Wednesday, October 24, 2007

Beethoven

There's a scene in Band of Brothers where a group of American soldiers watch German's dealing with the rubble of their village. A quartet is playing mournful music in the center of the street. One of the soldiers remarks something like "Germans sure do clean up good when they've got their Mozart." And Cpt. Nixon comes up from behind and says "Beethoven."
A Wikipedia article on the episode indicates that the quartet is playing the String Quartet in C-Sharp Minor (op 131).

I think it is significant because Beethoven, unlike Mozart, was German. This is an episode where the soldiers find a concentration camp. So it seems to me that the humanity of one German is being contrasted with the total lack of humanity in another.

Around the same time as I watched this episode, I heard a movement from a Beethoven symphony on the radio. I couldn't say which symphony but I was bowled over by the power and beauty. It turned to be the final movement of the 5th. And it made me think about a conversation i had with my father. I asked him what was the greatest piece of music ever made. He said, without hesitation, Beethoven's 5th. And I think I was rather disappointed. I'd hoped for a rock selection of course and but if it had to be classical I wanted it to be something more original. What I didn't realized then was that the 5th symphony has so much more than just the overplayed first movement.

So once again I may eventually have to agree with my Dad.

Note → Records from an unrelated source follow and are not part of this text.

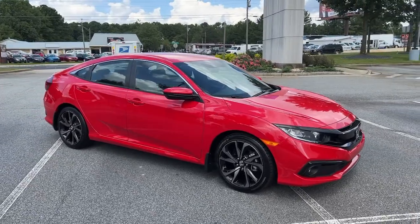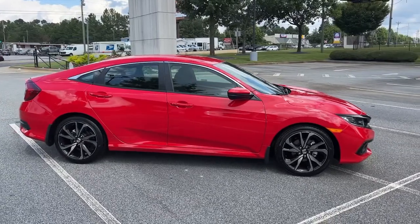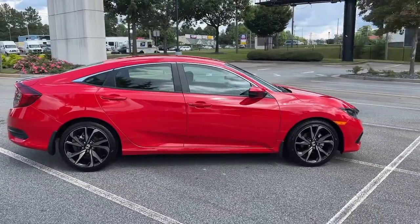Presenting the Honda Civic sedan — the iconic, sophisticated compact that sets the standard for comfort, reliability, performance, and efficiency.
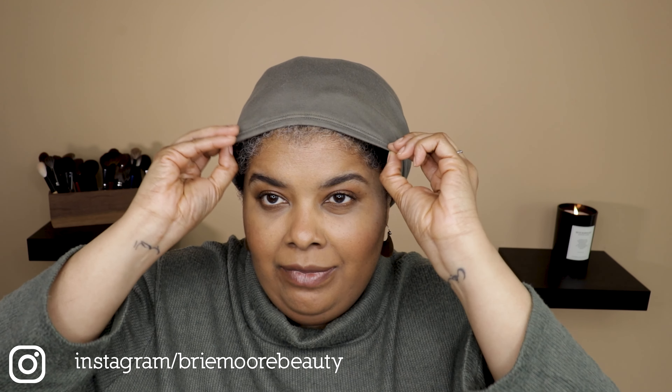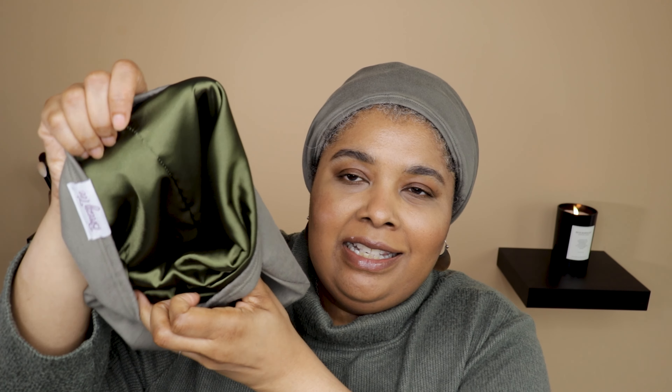Before I jump in, I have to talk about my Breezy T product of the day. I'm rocking our khaki satin line beanie that I absolutely adore. I washed my hair and twisted it back up, so my hair is on vacation. They come in lots of colors, with elastic to accommodate bigger heads and bigger hair. My brand came about because of my own natural hair journey - I started going natural maybe about 10 years ago, and from that journey Breezy T was born.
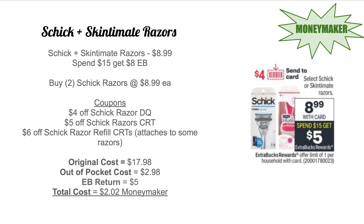Schick and Skin Fit razors are on promo at $8.99 next week with spend $15 get $5 Extra Bucks. Pick up two Schick razors totaling $17.98. There should be a $4 off Schick razor digital coupon per the ad. Everyone received $5 off Schick razors CRTs that are app-only, and $6 off Schick razors refill CRTs that attach to some razors as well. With all digital coupons and CRTs, out-of-pocket cost is $2.98, you get back $5 Extra Bucks — a $2.02 moneymaker.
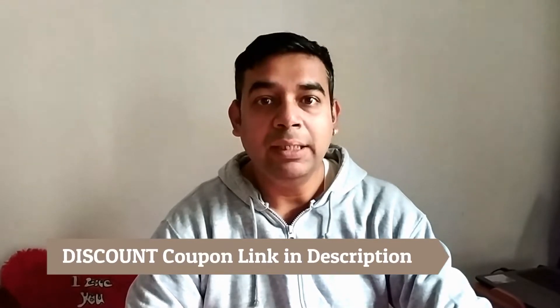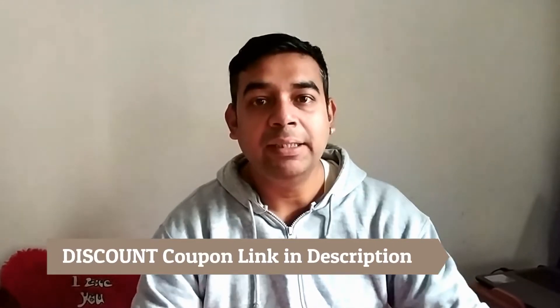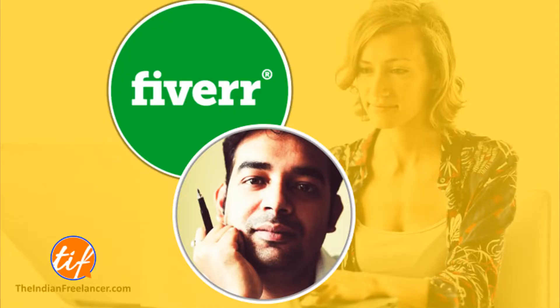Welcome back. Before I start the video, I will tell you that this topic is basically a part of my online course which is how to start your freelancing career on Fiverr. It is available on Udemy in Hindi and in English — I have made the course in both languages. There is a link in the description for that course. If you want to take it up, you can check it out, and if you like the free previews and the course description, please go ahead and take up that course.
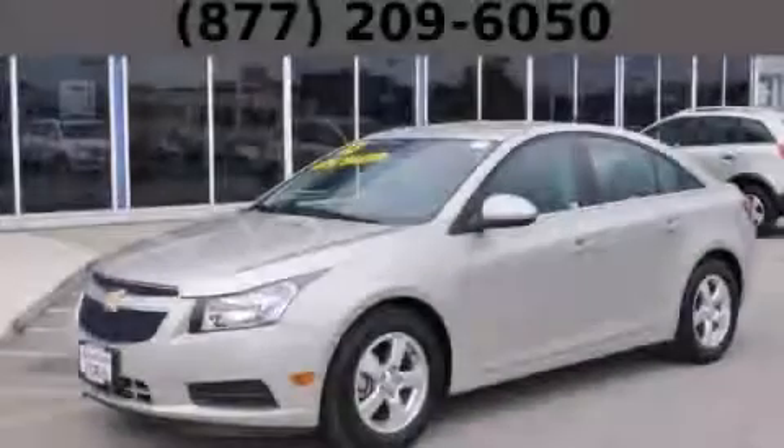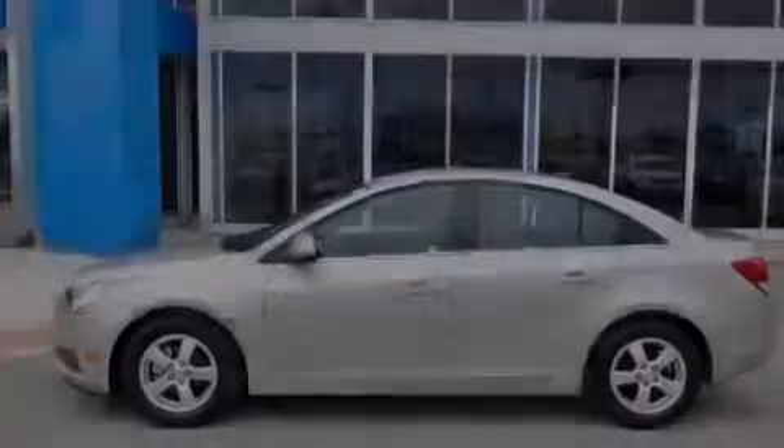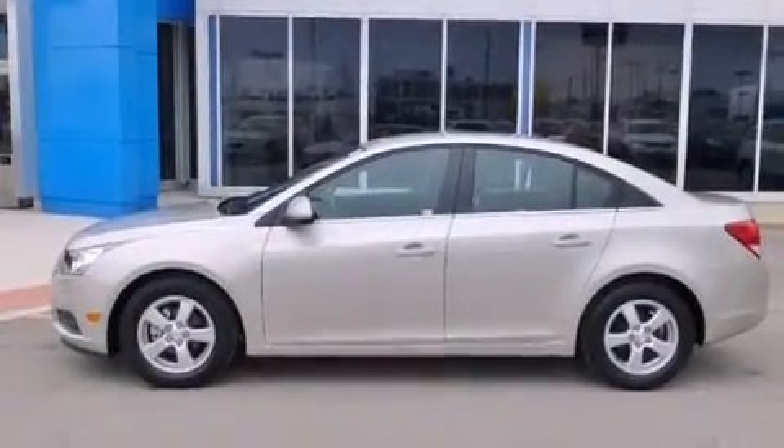This is a 2013 Chevrolet Cruze. It has a 1.4-liter four-cylinder engine and an automatic transmission.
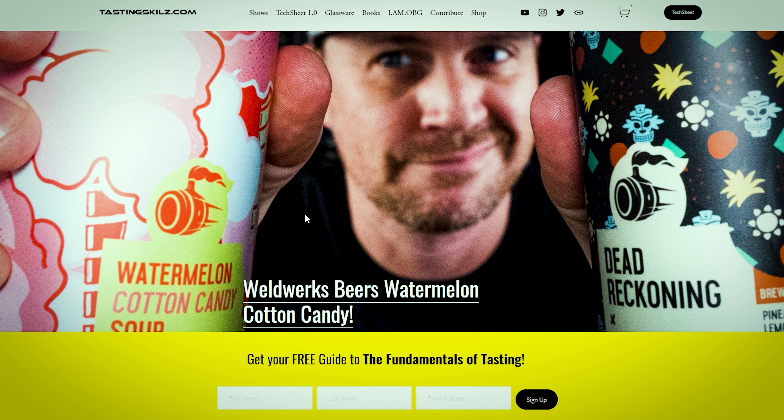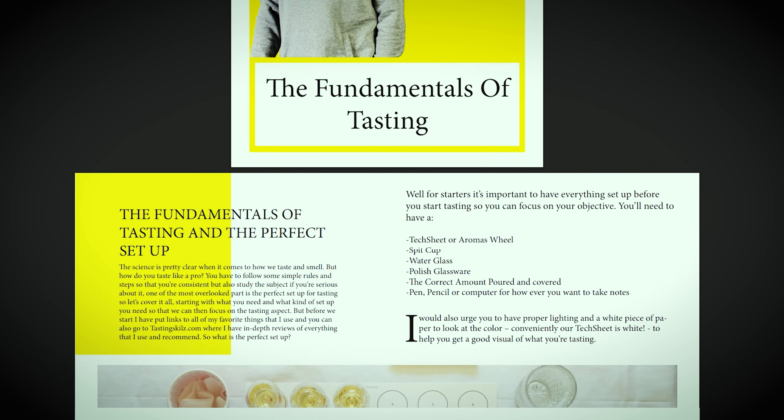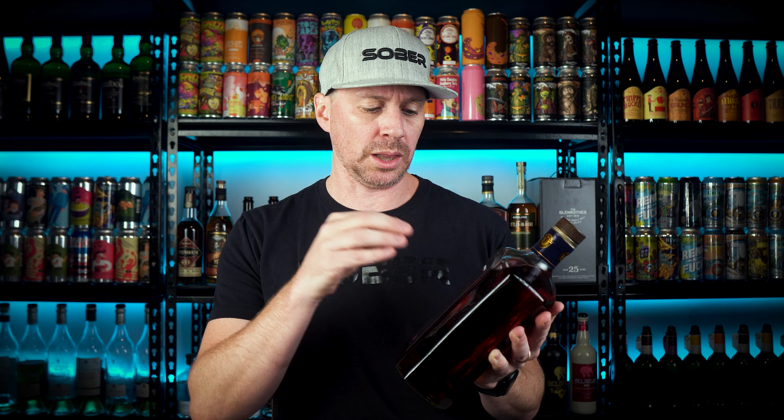If you want to taste like a pro, head over to tastingskills.com, put your name and email into the yellow box, and I'll send you my free 17-page guide to the fundamentals of tasting. While you're there, check out our sober hat t-shirts and hoodies — and if you put the promo code 'I'm OBG' in your cart, shipping will be free.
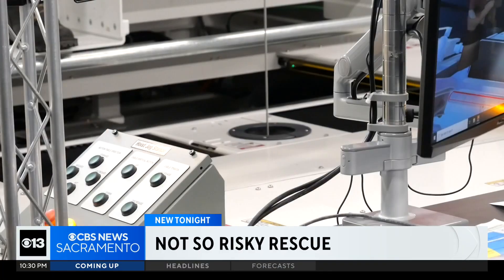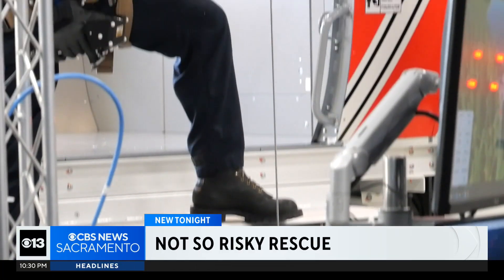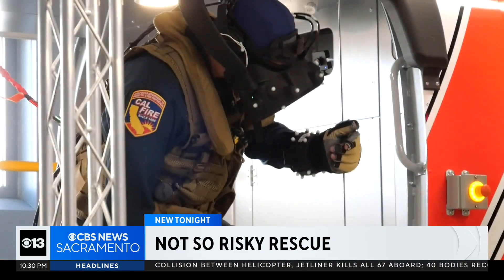Cal Fire is taking rescue training to new heights. Crews are stepping into a virtual world, using augmented reality to prepare for emergencies. Reporter Brady Howbleib was invited out to McClellan Air Base to see how it works and joins us live in studio.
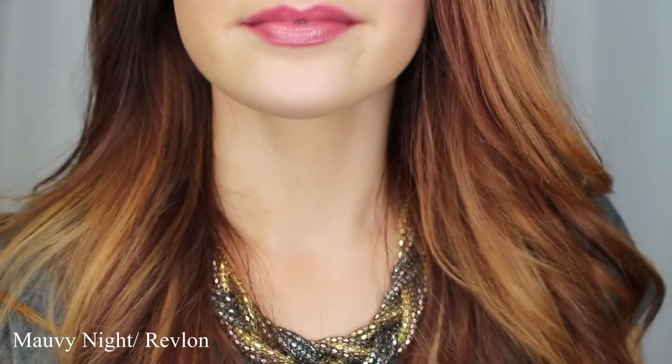So this next one is Mauve-y Night by Revlon, and I definitely love this. It's very creamy and shiny on the lips. I always tend to veer towards mauve-y lipsticks — something with a purple undertone — I guess it's my comfort zone. If you don't have anything with purple undertones, I definitely recommend this. It's a nice starter, not too dark and very wearable, so it's definitely a nice gateway to the mauves.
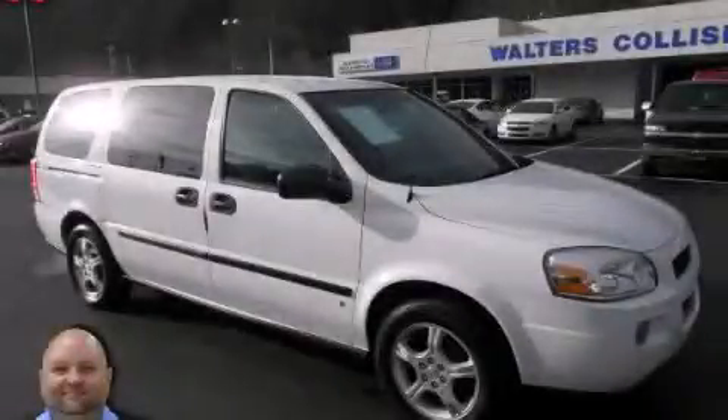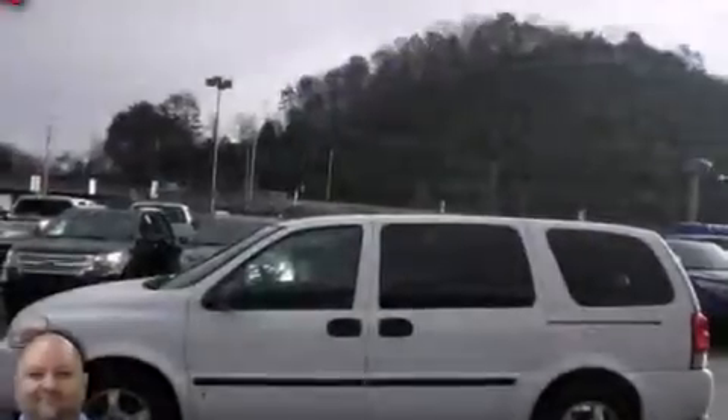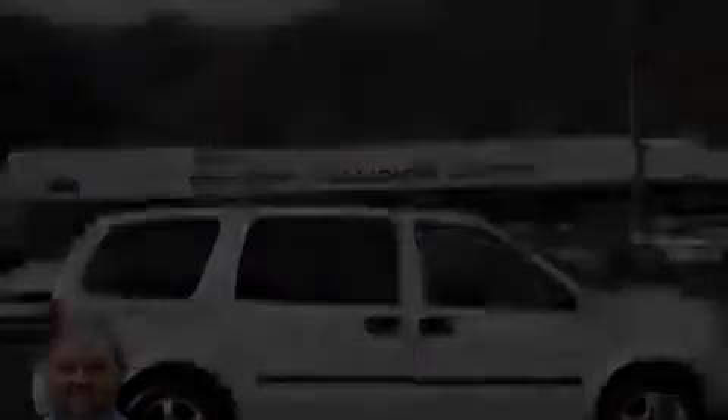This is a 2007 Chevrolet Uplander, designed with features that accommodate. It has a 3.9-liter, six-cylinder engine and an automatic transmission.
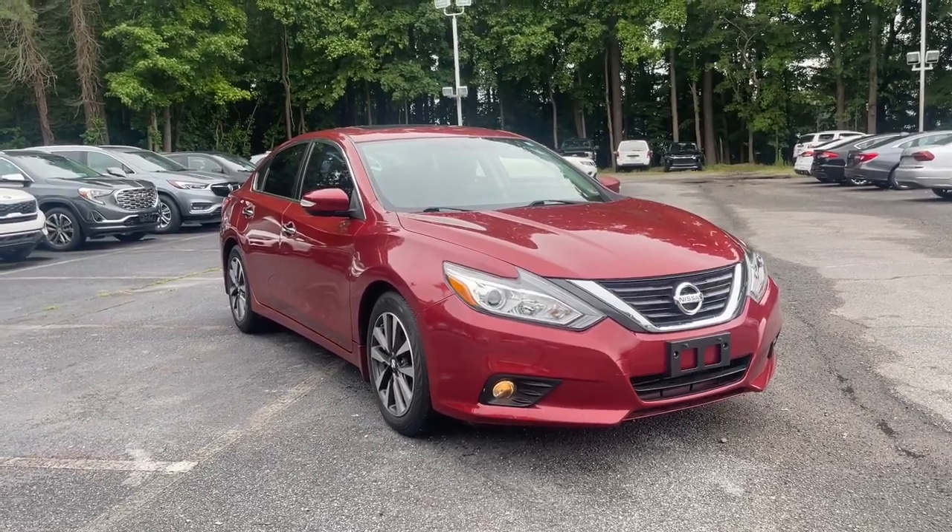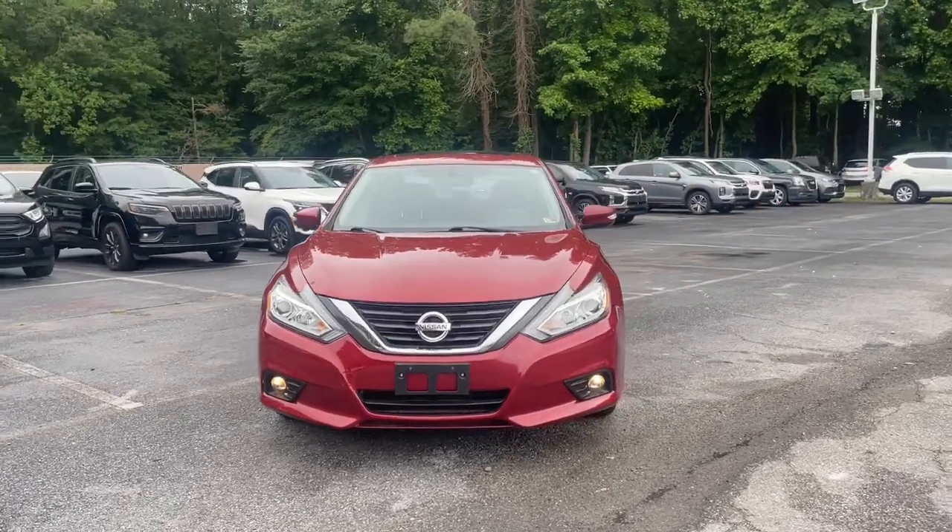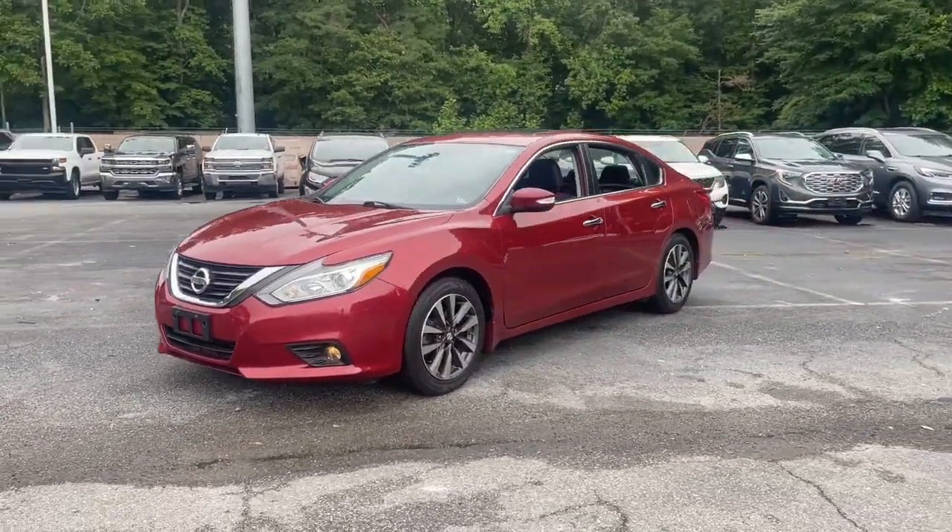Get into the 2016 Nissan Altima. With less than 25,000 miles on the odometer, this vehicle provides excellent value.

But for now I think I'll stick with Brahm's 3rd Symphony.

Tuesday, October 23, 2007

A WWII Reading and Watching List

Lately, I have been mildly obsessed with World War II. It seems to raise so many thorny questions. There are moral issues and there also strategic issues. And it is also the context for much great drama.

Non-fiction:
  1. Armageddon, Max Hastings. Why it was so hard to get Germany to surrender after Normandy invasion.
  2. The War of the World, Niall Ferguson. The role of racial hatred in the conflicts in Europe and Asia.
  3. Chapter on Hitler in The Mask of Command, by John Keegan. How Hitler's experience in the trenchs of WWI shaped his destructive decisions on the Eastern front.
  4. Stalingrad, Antony Beevor. The beginning of the end for the Germans in WWII. In August 1942, the German army had reached the Volga. German bombing destroyed the city there and German soldiers occupied most of the ruins. And yet they did not take the whole city and less than six months after their triumphant arrival, the whole German 6th army, something like 300,000 men would be dead or prisoners of the Soviets.
Fiction:
  1. Suite Francaise, Irene Nemirovsky. French society during the June invasion and the subsequent occupation.
  2. The Siege, Helen Dunmore. Leningrad's saga.
  3. Goodbye, Mickey Mouse, Len Deighton. Good story about the Americans stationed in England flying bomber escort missions over Germany.
Viewing:
  1. Band of Brothers, HBO miniseries. The American perspective on the Western Front from Normandy to Bastogne.
  2. Letters from Iwo Jima, Clint Eastwood movie. The Japanese perspective in the face of certain defeat.
  3. Enemy at the Gates, a movie about two snipers (Jude Law playing the historical Noble Sniper Vassily and Ed Harris playing his German stalker--probably mythical) in the battle of Stalingrad. While some elements of the movie appear to be inventions, many aspects of the battle (e.g. the civilians amidst the ruins, the harrowing crossing of the Volga, the Russians who fired on their own men to discourage retreating, etc.) are corroborated in Beevor's book mentioned above.